X_2 = wine_dataset.iloc[:,0:len(wine_dataset.columns)-1].to_numpy()
y_tmp_2 = wine_dataset.iloc[:,len(wine_dataset.columns)-1].to_numpy()
label_encoder_2 = preprocessing.LabelEncoder()
y_2 = label_encoder_2.fit_transform(np.asarray(y_tmp_2))
wine_num_class = len(np.unique(y_2))

<h3>3. Running the algorithm</h3>

<h3>Iris</h3>

In [4]:
discern_iris = DISCERN(metric='cosine')

In [5]:
discern_iris.fit(X_1)

In [6]:
iris_silhouette = silhouette_score(X_1, discern_iris.labels_, metric='cosine')
iris_accuracy = purity(y_1, discern_iris.labels_)*100
iris_num_clusters = len(np.unique(discern_iris.labels_))

In [7]:
print("[Unsupervised Performance] Silhouette Score: {}".format(iris_silhouette))
print("[Supervised   Performance] Accuracy: {} %".format(iris_accuracy))
print("Predicted number of clusters: {}".format(iris_num_clusters))
print("Number of classes: {}".format(iris_num_class))

[Unsupervised Performance] Silhouette Score: 0.7489936586396754
[Supervised   Performance] Accuracy: 96.66666666666667 %
Predicted number of clusters: 3
Number of classes: 3


Notice that <b>Iris</b> was clustered using cosine similarity as opposed to wine which is clustered using the default metric, Euclidean distance. Do note that the accuracy level is 96.67 here while it was reported at 97.3 in the paper. This is because for those particular experiments, we implemented K-Means ourselves and therefore had full control over the distance metric. However, in this implementation, instead of changing the metric, we normalize the data before clustering them (divide each sample by its norm so that all of them are unitary):

$X = [ x_1, x_2, ..., x_n ]$

$x_i^{\prime} = \frac{x_i}{\| x_i \|_2^2}$

This will result in an almost identical clustering when clustered using Euclidean distance. However, there may be slight discrepancies at times, which is what we have here.

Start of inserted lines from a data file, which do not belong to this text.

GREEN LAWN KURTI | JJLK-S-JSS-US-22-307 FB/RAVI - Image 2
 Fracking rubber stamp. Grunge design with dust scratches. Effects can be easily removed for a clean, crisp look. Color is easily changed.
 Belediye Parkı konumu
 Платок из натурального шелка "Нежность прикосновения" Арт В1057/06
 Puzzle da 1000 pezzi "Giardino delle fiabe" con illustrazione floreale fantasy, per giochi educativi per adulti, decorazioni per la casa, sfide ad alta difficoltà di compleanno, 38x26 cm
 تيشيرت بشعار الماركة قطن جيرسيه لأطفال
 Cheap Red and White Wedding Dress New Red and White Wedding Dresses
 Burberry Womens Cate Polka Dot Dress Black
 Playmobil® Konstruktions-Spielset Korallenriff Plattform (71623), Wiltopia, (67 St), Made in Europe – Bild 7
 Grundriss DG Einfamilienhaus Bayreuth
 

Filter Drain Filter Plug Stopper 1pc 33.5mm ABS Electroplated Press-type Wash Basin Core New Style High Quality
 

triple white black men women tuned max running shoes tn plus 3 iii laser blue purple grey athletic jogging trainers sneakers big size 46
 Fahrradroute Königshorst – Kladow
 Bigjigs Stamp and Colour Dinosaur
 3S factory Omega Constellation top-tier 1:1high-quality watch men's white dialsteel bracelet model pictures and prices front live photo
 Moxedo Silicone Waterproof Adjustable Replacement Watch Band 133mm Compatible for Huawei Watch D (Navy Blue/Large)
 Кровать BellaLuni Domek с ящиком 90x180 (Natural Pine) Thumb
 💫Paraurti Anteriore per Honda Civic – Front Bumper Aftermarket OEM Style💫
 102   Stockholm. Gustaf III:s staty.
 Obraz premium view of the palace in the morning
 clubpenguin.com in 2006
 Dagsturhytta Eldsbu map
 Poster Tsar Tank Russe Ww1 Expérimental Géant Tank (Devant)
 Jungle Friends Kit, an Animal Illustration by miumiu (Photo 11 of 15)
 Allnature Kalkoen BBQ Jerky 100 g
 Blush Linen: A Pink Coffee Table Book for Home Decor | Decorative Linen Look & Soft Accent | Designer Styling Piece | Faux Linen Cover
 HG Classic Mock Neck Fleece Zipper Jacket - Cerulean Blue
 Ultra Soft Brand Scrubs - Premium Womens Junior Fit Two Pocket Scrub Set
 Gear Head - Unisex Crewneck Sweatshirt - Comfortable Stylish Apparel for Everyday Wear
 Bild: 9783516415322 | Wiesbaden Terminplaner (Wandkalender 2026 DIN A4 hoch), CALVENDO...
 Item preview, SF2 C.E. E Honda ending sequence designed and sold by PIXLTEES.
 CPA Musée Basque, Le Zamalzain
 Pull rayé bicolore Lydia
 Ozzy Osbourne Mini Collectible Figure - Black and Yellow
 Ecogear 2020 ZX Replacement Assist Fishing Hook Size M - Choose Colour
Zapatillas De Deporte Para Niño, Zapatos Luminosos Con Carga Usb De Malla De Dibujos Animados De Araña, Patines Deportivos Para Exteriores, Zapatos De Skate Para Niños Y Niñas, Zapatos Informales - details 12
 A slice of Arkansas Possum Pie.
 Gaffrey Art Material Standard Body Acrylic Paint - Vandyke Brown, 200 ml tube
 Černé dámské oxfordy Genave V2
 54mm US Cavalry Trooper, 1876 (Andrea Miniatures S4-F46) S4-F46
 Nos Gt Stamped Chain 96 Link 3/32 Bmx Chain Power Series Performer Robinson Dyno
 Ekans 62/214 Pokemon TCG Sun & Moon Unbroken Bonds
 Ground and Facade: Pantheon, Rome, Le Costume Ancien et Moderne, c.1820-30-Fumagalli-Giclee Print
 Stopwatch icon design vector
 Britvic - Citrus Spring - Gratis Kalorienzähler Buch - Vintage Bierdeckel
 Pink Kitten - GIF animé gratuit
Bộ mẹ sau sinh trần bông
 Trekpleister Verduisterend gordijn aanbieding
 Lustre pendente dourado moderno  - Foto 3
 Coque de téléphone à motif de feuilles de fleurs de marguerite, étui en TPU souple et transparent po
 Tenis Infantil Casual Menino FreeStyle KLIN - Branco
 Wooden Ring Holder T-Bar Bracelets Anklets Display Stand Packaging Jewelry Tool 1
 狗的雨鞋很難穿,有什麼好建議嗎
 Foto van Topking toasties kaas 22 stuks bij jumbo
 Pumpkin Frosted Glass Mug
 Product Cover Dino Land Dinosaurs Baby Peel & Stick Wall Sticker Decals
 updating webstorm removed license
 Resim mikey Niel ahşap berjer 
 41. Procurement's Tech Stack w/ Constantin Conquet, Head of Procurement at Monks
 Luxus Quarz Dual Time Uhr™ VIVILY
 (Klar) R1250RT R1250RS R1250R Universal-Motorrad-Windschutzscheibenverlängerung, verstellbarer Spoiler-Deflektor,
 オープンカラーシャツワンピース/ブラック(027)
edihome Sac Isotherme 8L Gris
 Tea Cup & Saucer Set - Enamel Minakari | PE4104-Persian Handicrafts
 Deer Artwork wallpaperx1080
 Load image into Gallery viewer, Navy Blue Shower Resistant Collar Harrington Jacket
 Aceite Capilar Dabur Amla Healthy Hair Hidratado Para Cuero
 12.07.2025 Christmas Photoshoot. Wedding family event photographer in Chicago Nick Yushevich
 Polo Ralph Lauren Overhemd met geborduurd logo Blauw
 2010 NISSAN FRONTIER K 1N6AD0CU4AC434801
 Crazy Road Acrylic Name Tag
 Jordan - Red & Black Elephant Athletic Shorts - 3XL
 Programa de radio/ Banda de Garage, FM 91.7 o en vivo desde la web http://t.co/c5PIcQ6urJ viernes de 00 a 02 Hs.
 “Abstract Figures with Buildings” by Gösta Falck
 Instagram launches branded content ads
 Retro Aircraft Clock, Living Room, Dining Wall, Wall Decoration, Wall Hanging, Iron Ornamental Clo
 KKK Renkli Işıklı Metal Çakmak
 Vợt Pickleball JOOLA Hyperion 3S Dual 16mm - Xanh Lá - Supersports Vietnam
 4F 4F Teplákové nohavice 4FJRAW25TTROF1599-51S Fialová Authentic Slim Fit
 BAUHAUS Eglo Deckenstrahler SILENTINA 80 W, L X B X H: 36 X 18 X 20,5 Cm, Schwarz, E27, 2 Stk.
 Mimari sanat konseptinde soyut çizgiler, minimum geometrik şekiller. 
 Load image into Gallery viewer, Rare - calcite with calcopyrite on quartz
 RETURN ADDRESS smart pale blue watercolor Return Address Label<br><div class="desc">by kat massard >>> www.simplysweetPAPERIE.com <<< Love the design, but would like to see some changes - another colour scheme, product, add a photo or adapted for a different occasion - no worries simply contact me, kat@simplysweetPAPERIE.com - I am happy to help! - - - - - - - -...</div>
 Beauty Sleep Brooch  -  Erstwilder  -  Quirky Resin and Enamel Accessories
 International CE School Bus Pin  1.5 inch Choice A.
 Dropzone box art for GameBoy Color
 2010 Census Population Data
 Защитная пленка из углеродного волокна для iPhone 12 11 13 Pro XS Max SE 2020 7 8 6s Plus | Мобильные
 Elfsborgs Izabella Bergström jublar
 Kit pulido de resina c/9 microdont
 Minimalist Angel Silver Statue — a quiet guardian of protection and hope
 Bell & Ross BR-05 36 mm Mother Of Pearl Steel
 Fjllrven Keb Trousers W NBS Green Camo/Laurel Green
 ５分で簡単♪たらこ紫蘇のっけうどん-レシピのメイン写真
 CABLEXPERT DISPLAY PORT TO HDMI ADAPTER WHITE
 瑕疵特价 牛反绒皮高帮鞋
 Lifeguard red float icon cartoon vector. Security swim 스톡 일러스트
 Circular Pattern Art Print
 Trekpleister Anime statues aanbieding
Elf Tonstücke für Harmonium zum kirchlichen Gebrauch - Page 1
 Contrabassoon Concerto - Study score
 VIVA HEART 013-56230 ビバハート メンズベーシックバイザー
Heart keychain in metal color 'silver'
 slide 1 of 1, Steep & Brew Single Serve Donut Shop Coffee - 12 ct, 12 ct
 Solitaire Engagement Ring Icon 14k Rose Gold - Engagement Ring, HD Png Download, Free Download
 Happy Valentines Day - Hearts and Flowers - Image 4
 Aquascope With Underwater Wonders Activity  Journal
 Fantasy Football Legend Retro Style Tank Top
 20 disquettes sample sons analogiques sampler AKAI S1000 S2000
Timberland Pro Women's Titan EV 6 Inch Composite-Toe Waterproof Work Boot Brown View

To simplify, when the metric is set to <b>cosine</b>:
<table style="width: 100%">
    <tr>
        <th>In the paper</th>
        <th>The implementation above</th>
    </tr>
    <tr>
        <td>$d(x, y) = \frac{x^T y}{\|x\|_2^2 \|y \|_2^2}$</td>
        <td>$d(x, y) = \| \frac{x}{\| x\|_2^2} - \frac{y}{\| y\|_2^2} \|$</td>
    </tr>
</table>

However, we can reproduce the results if we run K-Means with cosine distance manually, after DISCERN's done finding the initial centroids:

In [8]:
discern_iris.partial_fit(X_1)
cluster_centers = discern_iris.cluster_centers_

In [9]:
labels_, cluster_centers_ = spherical_k_means(X_1, cluster_centers)

In [10]:
iris_spherical_silhouette = silhouette_score(X_1, labels_, metric='cosine')
iris_spherical_accuracy = purity(y_1, labels_)*100

In [11]:
print("[Unsupervised Performance] Silhouette Score: {}".format(iris_spherical_silhouette))
print("[Supervised   Performance] Accuracy: {} %".format(iris_spherical_accuracy))

[Unsupervised Performance] Silhouette Score: 0.7484647230660484
[Supervised   Performance] Accuracy: 97.33333333333334 %


And the same results from the paper are now reproduced.

<h3>Wine</h3>

In [12]:
discern_wine = DISCERN()

In [13]:
discern_wine.fit(X_2)

In [14]:
wine_silhouette = silhouette_score(X_2, discern_wine.labels_, metric='sqeuclidean')
wine_accuracy = purity(y_2, discern_wine.labels_)*100
wine_num_clusters = len(discern_wine.cluster_centers_)

In [15]:
print("[Unsupervised Performance] Silhouette Score: {}".format(wine_silhouette))
print("[Supervised   Performance] Accuracy: {} %".format(wine_accuracy))
print("Predicted number of clusters: {}".format(wine_num_clusters))
print("Number of classes: {}".format(wine_num_class))

[Unsupervised Performance] Silhouette Score: 0.7322991109041611
[Supervised   Performance] Accuracy: 70.2247191011236 %
Predicted number of clusters: 3
Number of classes: 3